Let \(\mathrm{f(x) = (x + 4)(x - 1)}\) and \(\mathrm{g(x) = (x - 4)(x + 1)}\). Suppose \(\mathrm{f(x) = g(x)...

1. TRANSLATE the problem information

• Given information:
  • \(\mathrm{f(x) = (x + 4)(x - 1)}\) and \(\mathrm{g(x) = (x - 4)(x + 1)}\)
  • We need to solve \(\mathrm{f(x) = g(x) + 20}\)
• What this tells us: We need to expand both functions and set up an equation

2. SIMPLIFY by expanding both quadratic expressions

• Expand f(x):
  \(\mathrm{f(x) = (x + 4)(x - 1)}\)
  \(\mathrm{= x^2 - x + 4x - 4}\)
  \(\mathrm{= x^2 + 3x - 4}\)

• Expand g(x):
  \(\mathrm{g(x) = (x - 4)(x + 1)}\)
  \(\mathrm{= x^2 + x - 4x - 4}\)
  \(\mathrm{= x^2 - 3x - 4}\)

3. TRANSLATE the condition into an equation

• Set up: \(\mathrm{f(x) = g(x) + 20}\)
• Substitute: \(\mathrm{x^2 + 3x - 4 = (x^2 - 3x - 4) + 20}\)
• SIMPLIFY: \(\mathrm{x^2 + 3x - 4 = x^2 - 3x + 16}\)

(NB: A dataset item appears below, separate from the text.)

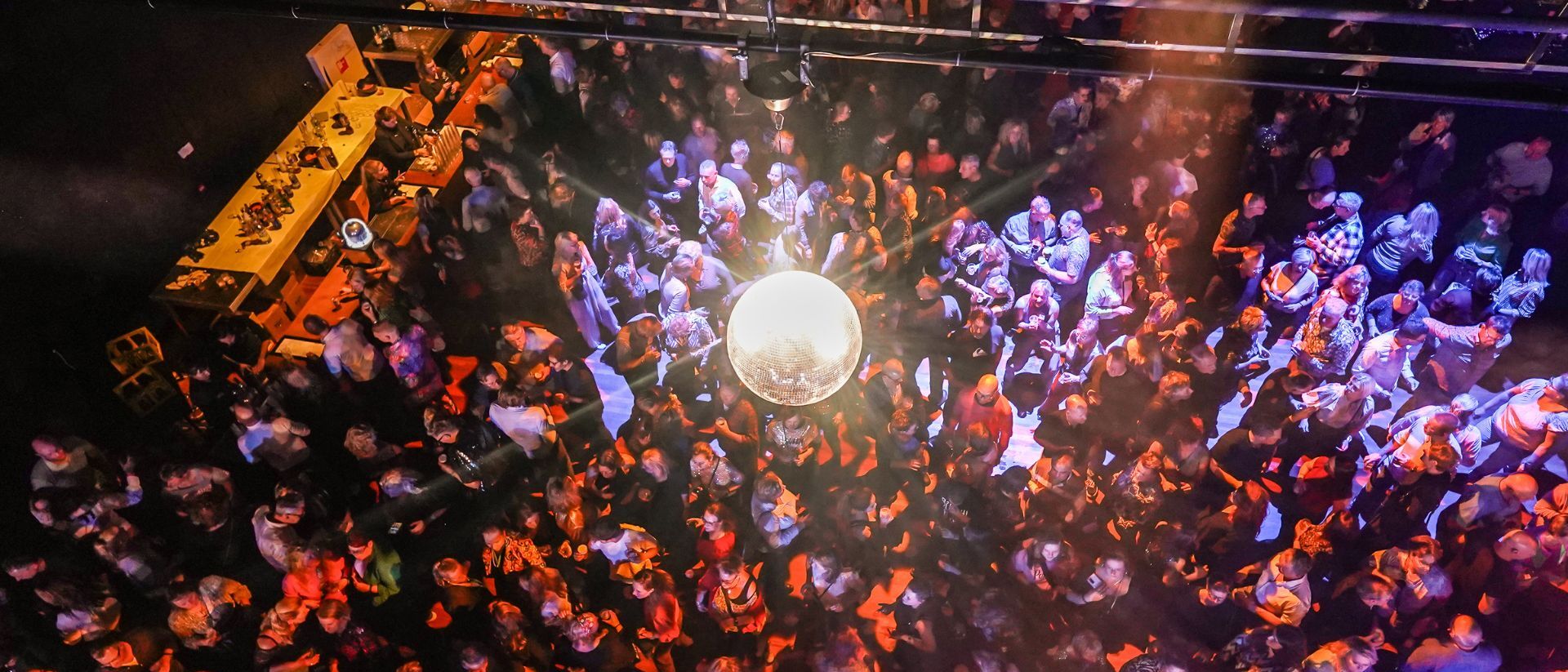 Dansende mensen in een feestzaal, met een grote discobal aan het plafond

4. SIMPLIFY the equation step by step

• Subtract \(\mathrm{x^2}\) from both sides: \(\mathrm{3x - 4 = -3x + 16}\)
• Add 3x to both sides: \(\mathrm{6x - 4 = 16}\)
• Add 4 to both sides: \(\mathrm{6x = 20}\)
• Divide by 6: \(\mathrm{x = \frac{20}{6} = \frac{10}{3}}\)

Answer: D (10/3)

Why Students Usually Falter on This Problem

Most Common Error Path:

Weak SIMPLIFY execution: Sign errors during binomial expansion, particularly with \(\mathrm{(x - 4)(x + 1)}\)

Students often expand \(\mathrm{g(x) = (x - 4)(x + 1)}\) as \(\mathrm{x^2 + 4x - x - 4 = x^2 + 3x - 4}\) instead of the correct \(\mathrm{x^2 - 3x - 4}\). This happens because they lose track of the negative sign in front of the 4. With this error, they would get \(\mathrm{f(x) = g(x)}\), leading to \(\mathrm{0 = 20}\), which creates confusion about whether there's no solution or they made an error somewhere.

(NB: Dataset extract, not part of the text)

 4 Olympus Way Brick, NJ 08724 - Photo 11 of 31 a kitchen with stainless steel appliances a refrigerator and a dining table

This leads to confusion and guessing among the answer choices.

Second Most Common Error:

Poor SIMPLIFY reasoning: Arithmetic mistakes when solving the linear equation \(\mathrm{6x = 20}\)

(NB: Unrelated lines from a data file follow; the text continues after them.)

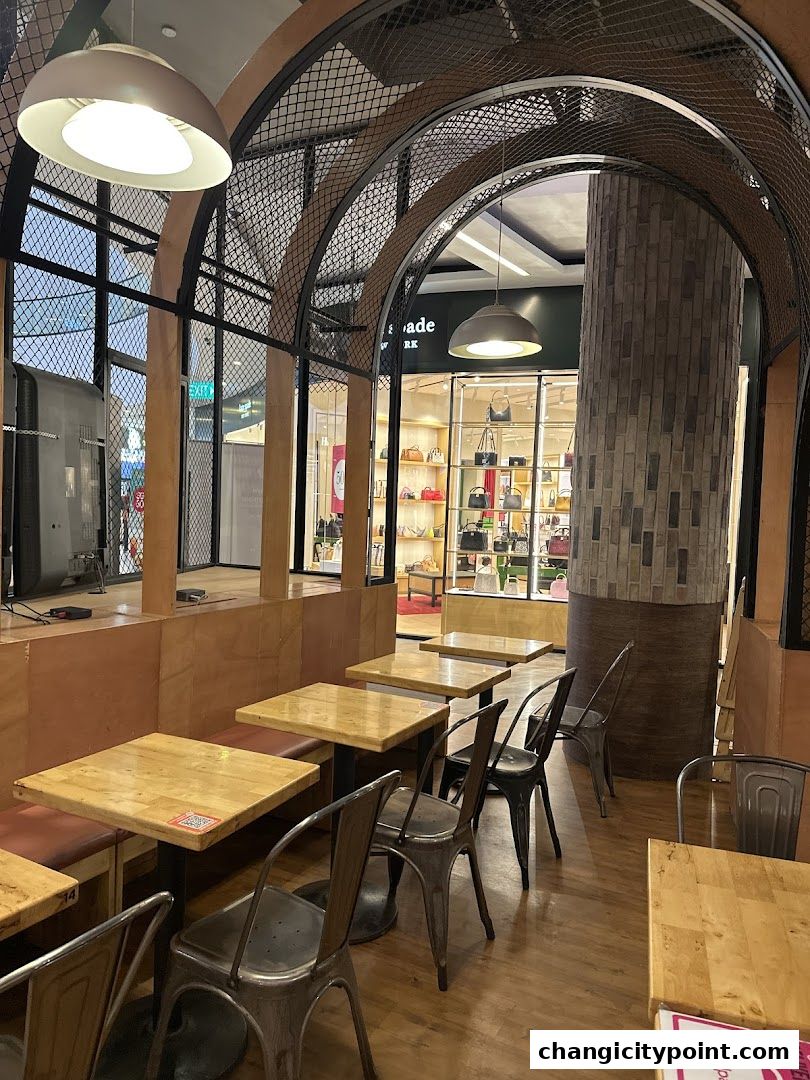 Interior view of The Soup Spoon Union with wooden tables and metal chairs.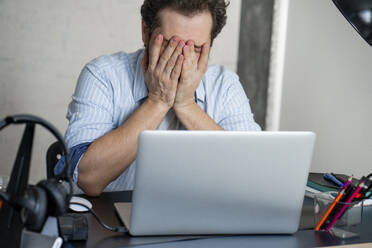 Exhausted man with laptop at home - VPIF02420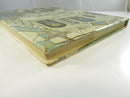 Angled view of the book from the fore-edge, showing the dust jacket, page block, and worn jacket corners.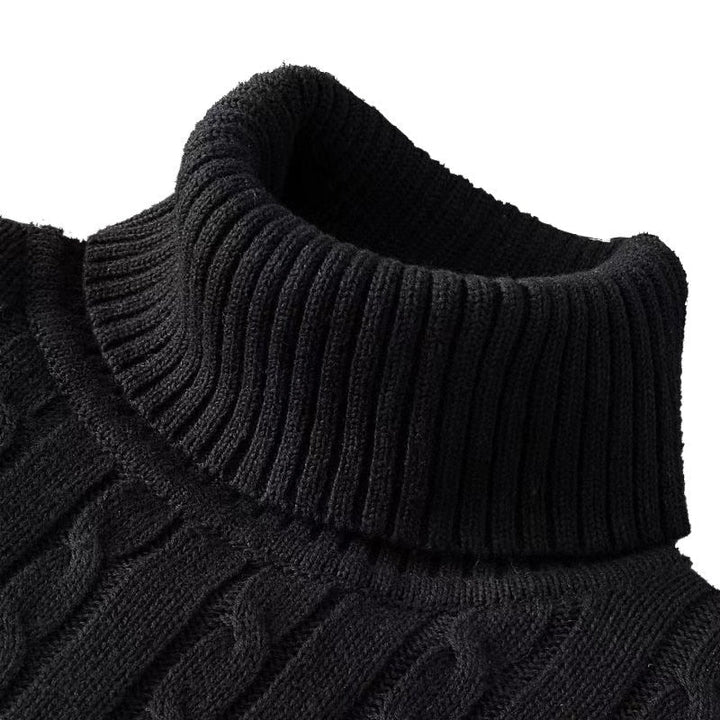 Zoom sur le col roulé d'un pull noir en maille côtelée à motif torsadé.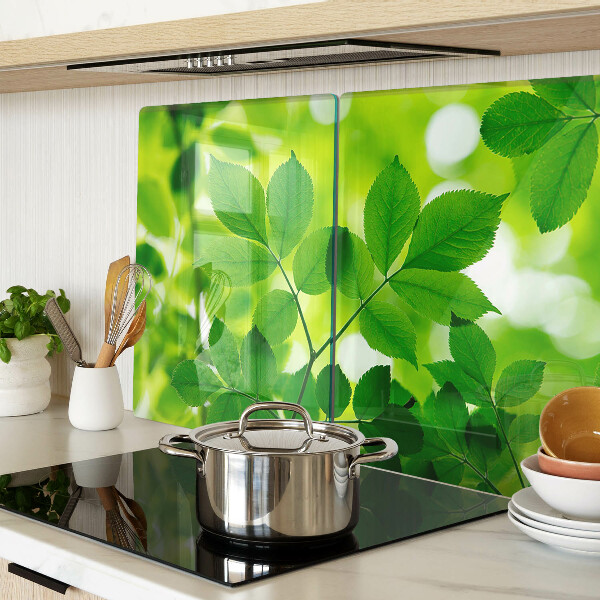 Planche à découper verre Feuilles sur fond vert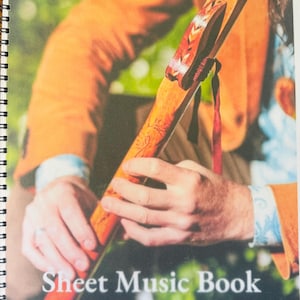 Può includere: Un libro di spartiti intitolato "Aris Flutes" con il testo "Sheet Music Book 2023". La copertina presenta una persona che tiene un flauto di legno. L'indirizzo del sito web www.arisflute.com è visibile in basso.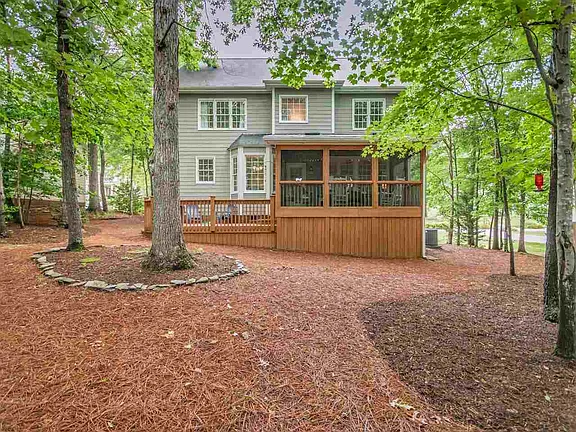 Rear view of the gray home with a screened wood porch surrounded by mature trees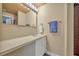 Bathroom with updated sink and cabinet, and a decorative shower curtain at 225 N Phippen Ave, Deland, FL 32724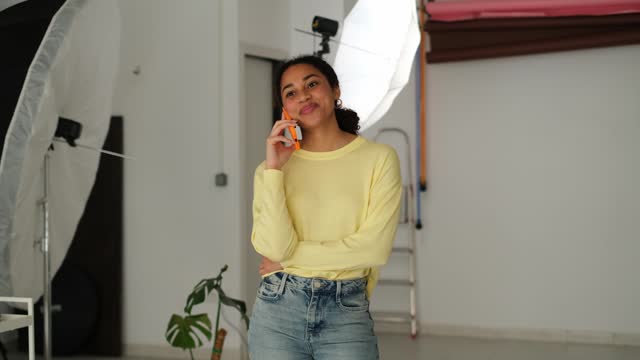 Beauty young photographer talking to the mobile phone standing in her studio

Some students correctly set up the equation but make calculation errors, perhaps getting \(\mathrm{x = \frac{20}{3}}\) instead of \(\mathrm{x = \frac{10}{3}}\), or incorrectly reducing the fraction. Since \(\mathrm{\frac{20}{3} \approx 6.67}\) doesn't match any answer choice exactly, this confusion might lead them to select Choice C (1) as the "closest looking" integer answer.

The Bottom Line:

This problem tests your ability to carefully track signs through multiple algebraic steps. The key insight is that while the algebra looks intimidating with two quadratic expressions, the \(\mathrm{x^2}\) terms cancel out completely, leaving you with a simple linear equation to solve.